:: What to produce ::
The listing below holds pictures; exclude them. Return exactly the lines from the one with "Szablony pojazdy 01324" through the one with "Sites similar to italianoperasiena.com".

:: Extracted material ::

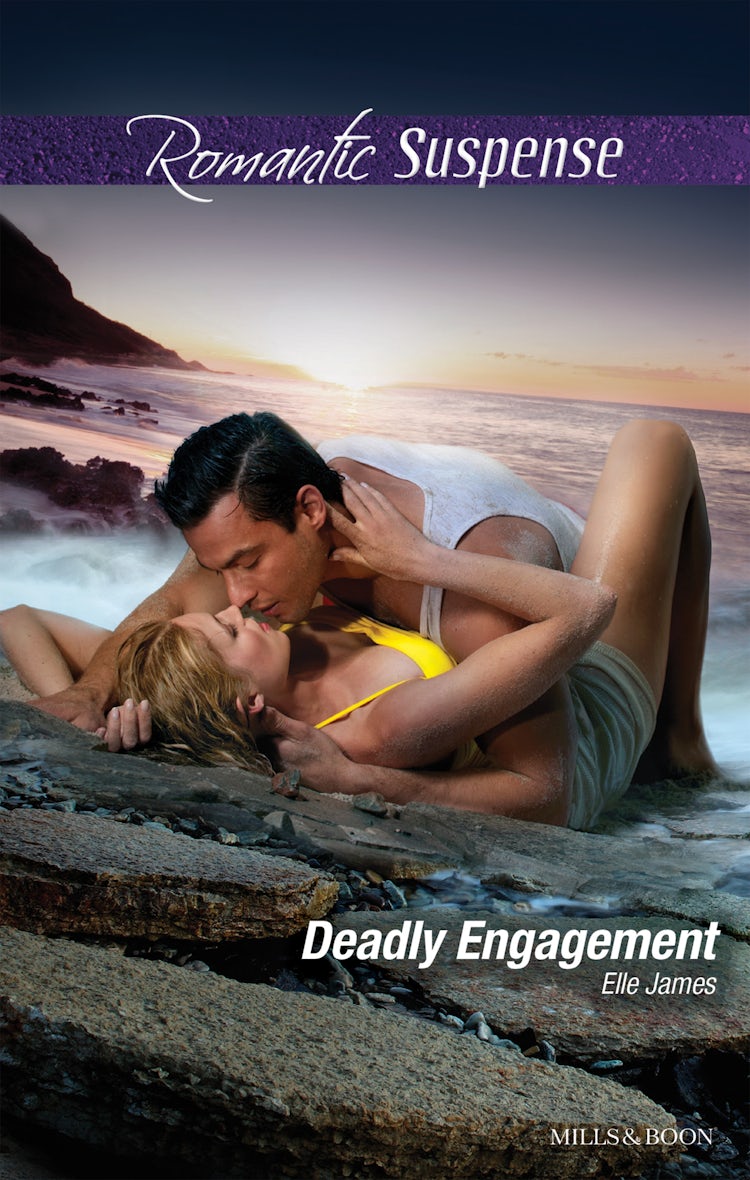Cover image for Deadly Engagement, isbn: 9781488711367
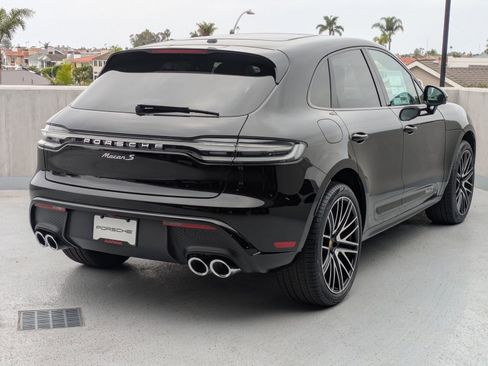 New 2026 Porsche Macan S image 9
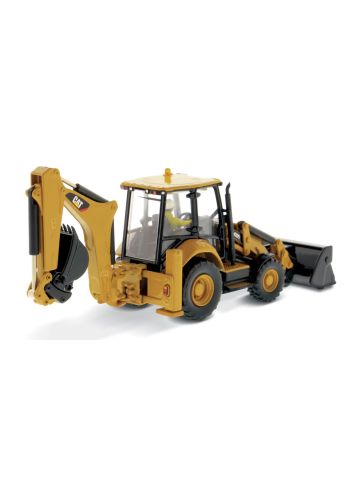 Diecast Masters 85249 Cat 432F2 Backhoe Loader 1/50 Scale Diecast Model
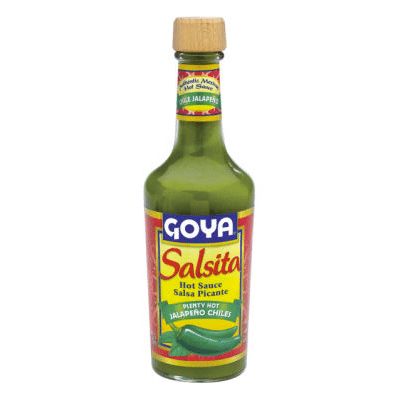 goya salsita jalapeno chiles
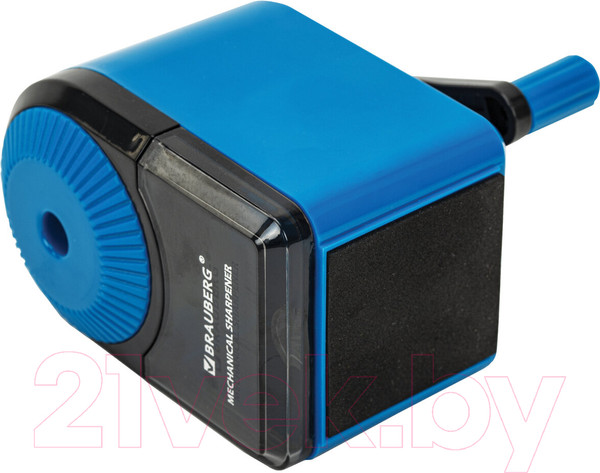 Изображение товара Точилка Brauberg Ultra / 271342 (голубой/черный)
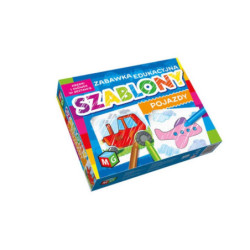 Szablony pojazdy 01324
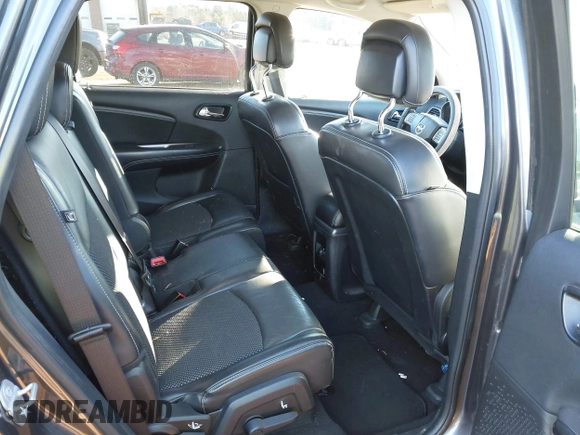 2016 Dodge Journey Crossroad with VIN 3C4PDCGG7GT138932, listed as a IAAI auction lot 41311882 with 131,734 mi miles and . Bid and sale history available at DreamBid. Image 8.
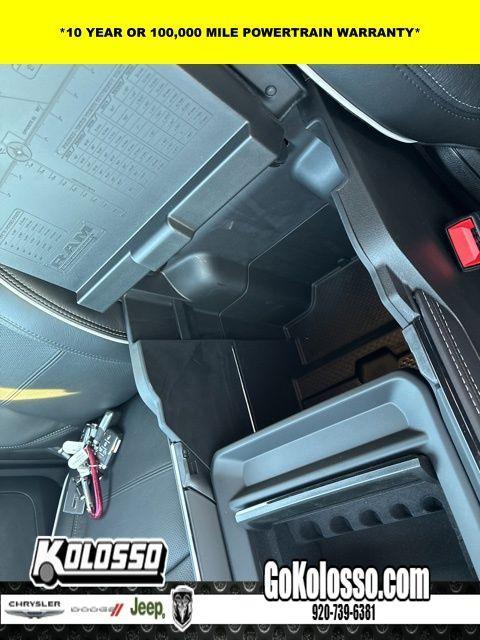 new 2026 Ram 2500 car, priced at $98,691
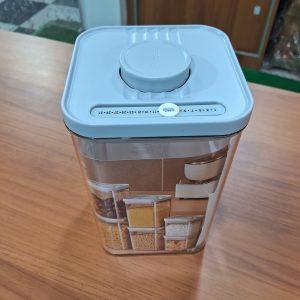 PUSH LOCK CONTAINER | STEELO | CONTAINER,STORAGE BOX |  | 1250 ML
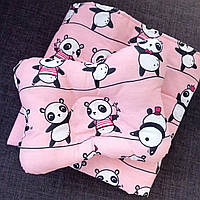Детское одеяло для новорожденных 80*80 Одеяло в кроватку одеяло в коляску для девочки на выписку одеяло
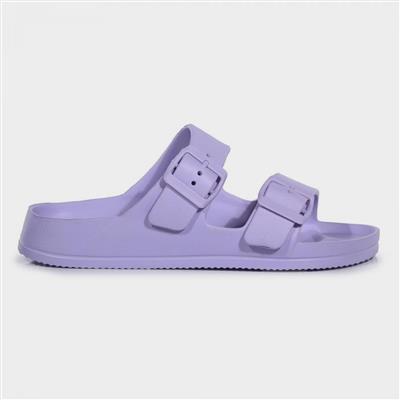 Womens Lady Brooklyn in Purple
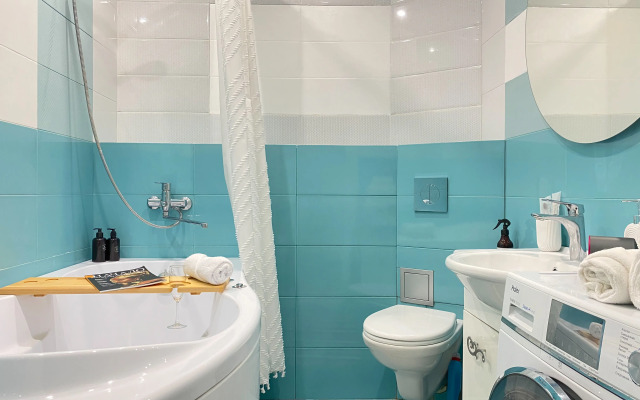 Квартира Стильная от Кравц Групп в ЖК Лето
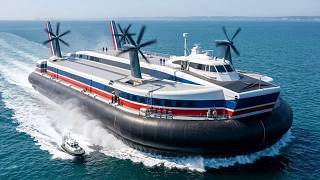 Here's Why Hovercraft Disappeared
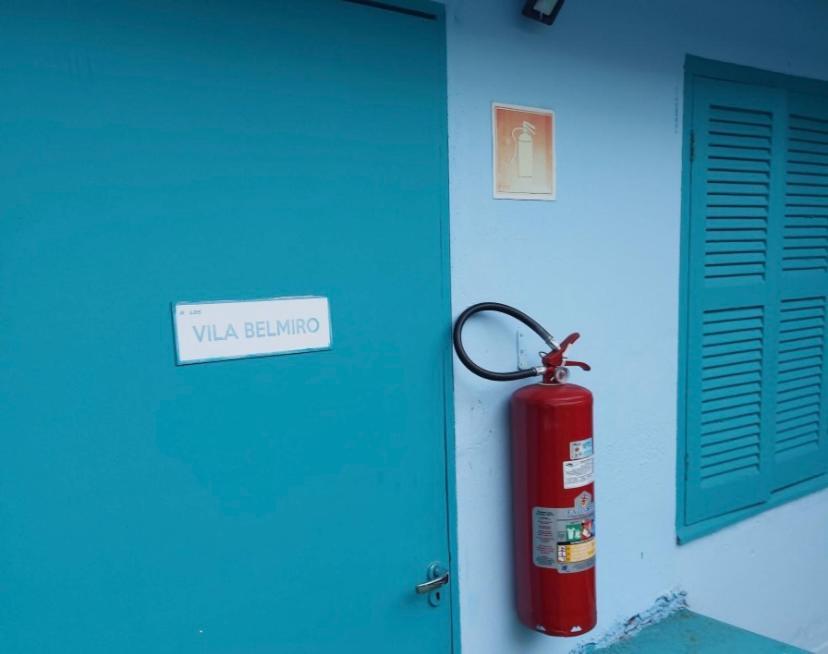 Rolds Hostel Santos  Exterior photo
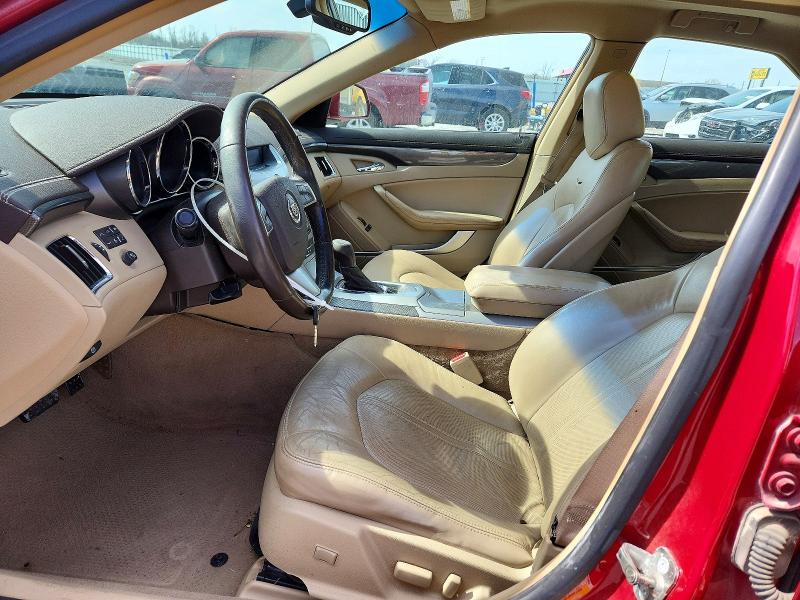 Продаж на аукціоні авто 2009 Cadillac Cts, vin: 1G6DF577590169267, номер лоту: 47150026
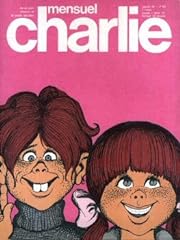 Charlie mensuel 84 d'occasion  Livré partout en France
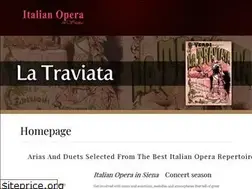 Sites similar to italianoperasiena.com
==
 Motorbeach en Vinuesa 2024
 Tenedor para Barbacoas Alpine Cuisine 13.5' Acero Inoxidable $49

:: Answer to this exercise ::
 Szablony pojazdy 01324
 2016 Dodge Journey Crossroad with VIN 3C4PDCGG7GT138932, listed as a IAAI auction lot 41311882 with 131,734 mi miles and . Bid and sale history available at DreamBid. Image 8.
 new 2026 Ram 2500 car, priced at $98,691
 PUSH LOCK CONTAINER | STEELO | CONTAINER,STORAGE BOX |  | 1250 ML
Детское одеяло для новорожденных 80*80 Одеяло в кроватку одеяло в коляску для девочки на выписку одеяло
 Womens Lady Brooklyn in Purple
 Квартира Стильная от Кравц Групп в ЖК Лето
 Here's Why Hovercraft Disappeared
 Rolds Hostel Santos  Exterior photo
 Продаж на аукціоні авто 2009 Cadillac Cts, vin: 1G6DF577590169267, номер лоту: 47150026
 Charlie mensuel 84 d'occasion  Livré partout en France
 Sites similar to italianoperasiena.com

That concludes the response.